Data for review:
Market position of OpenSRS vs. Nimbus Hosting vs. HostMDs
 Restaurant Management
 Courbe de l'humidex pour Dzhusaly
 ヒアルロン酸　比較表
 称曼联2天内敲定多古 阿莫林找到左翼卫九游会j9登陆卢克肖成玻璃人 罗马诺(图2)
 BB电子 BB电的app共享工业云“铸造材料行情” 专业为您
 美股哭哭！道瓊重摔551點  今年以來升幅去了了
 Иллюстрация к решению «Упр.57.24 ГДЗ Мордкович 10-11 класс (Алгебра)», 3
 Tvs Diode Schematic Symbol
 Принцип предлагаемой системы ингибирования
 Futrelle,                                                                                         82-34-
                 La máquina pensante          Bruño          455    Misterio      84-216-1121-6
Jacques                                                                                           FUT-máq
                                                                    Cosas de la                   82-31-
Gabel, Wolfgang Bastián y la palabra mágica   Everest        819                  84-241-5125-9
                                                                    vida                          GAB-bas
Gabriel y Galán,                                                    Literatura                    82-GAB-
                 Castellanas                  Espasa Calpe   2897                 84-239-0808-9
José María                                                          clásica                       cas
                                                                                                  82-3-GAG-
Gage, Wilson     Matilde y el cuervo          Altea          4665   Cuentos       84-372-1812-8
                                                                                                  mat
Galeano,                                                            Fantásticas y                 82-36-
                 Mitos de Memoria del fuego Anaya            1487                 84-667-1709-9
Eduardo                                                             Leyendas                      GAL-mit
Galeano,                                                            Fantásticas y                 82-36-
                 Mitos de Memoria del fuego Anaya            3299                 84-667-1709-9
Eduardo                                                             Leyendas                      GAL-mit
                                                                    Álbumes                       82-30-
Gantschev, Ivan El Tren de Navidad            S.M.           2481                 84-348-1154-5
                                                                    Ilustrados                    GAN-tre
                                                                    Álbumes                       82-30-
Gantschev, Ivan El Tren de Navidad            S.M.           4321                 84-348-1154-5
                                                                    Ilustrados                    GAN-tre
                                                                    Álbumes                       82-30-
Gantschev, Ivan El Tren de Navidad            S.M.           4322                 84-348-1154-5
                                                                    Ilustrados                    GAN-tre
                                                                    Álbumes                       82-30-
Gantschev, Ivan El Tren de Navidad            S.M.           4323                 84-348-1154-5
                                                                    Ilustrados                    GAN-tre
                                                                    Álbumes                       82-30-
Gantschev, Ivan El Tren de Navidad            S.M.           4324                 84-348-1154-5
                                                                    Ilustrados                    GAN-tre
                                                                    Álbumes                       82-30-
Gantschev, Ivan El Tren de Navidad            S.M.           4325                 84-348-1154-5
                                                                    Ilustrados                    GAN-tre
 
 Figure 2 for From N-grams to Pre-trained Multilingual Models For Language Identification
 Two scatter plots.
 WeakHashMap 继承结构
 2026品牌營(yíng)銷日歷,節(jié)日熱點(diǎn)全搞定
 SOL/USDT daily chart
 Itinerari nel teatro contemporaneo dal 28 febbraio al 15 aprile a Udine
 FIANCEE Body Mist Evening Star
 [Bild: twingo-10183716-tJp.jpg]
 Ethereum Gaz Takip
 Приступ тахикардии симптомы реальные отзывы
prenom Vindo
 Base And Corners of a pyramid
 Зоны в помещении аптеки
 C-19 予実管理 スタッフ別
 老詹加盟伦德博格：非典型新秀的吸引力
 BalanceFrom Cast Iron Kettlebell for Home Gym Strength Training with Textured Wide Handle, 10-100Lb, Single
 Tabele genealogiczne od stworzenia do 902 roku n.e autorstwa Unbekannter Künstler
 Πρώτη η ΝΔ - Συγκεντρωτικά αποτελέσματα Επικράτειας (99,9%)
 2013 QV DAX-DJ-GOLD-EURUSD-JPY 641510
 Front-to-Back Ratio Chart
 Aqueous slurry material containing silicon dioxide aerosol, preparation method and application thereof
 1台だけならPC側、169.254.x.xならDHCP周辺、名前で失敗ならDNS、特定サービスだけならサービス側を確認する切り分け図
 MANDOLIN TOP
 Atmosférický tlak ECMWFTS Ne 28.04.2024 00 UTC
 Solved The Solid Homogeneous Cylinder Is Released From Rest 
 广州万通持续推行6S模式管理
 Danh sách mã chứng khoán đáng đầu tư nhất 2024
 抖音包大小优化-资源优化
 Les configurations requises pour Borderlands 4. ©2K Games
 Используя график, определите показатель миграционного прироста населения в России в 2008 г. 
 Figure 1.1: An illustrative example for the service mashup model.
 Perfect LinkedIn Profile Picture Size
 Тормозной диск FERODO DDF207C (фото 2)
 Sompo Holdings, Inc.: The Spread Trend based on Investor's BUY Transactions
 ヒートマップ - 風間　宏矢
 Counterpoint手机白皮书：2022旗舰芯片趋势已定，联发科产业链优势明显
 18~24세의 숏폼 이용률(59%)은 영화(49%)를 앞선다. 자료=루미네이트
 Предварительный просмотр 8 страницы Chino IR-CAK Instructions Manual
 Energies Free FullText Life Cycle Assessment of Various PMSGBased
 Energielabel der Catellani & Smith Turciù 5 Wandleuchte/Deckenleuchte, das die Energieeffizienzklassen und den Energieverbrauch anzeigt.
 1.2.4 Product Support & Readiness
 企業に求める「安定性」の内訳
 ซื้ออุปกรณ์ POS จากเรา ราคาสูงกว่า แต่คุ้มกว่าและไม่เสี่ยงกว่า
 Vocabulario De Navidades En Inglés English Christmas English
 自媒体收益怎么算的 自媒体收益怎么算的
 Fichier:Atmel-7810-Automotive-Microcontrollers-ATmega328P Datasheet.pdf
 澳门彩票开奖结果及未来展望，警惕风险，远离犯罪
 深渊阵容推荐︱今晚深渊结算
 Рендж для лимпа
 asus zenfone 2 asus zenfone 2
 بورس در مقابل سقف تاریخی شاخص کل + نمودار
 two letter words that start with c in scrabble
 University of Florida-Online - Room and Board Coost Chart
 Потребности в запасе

Prompt:
One stretch of the lines above is wanted, from the line that contains "Base And Corners of a pyramid" through the line that contains "Πρώτη η ΝΔ - Συγκεντρωτικά". Output it exactly.

Solution to the exercise:
 Base And Corners of a pyramid
 Зоны в помещении аптеки
 C-19 予実管理 スタッフ別
 老詹加盟伦德博格：非典型新秀的吸引力
 BalanceFrom Cast Iron Kettlebell for Home Gym Strength Training with Textured Wide Handle, 10-100Lb, Single
 Tabele genealogiczne od stworzenia do 902 roku n.e autorstwa Unbekannter Künstler
 Πρώτη η ΝΔ - Συγκεντρωτικά αποτελέσματα Επικράτειας (99,9%)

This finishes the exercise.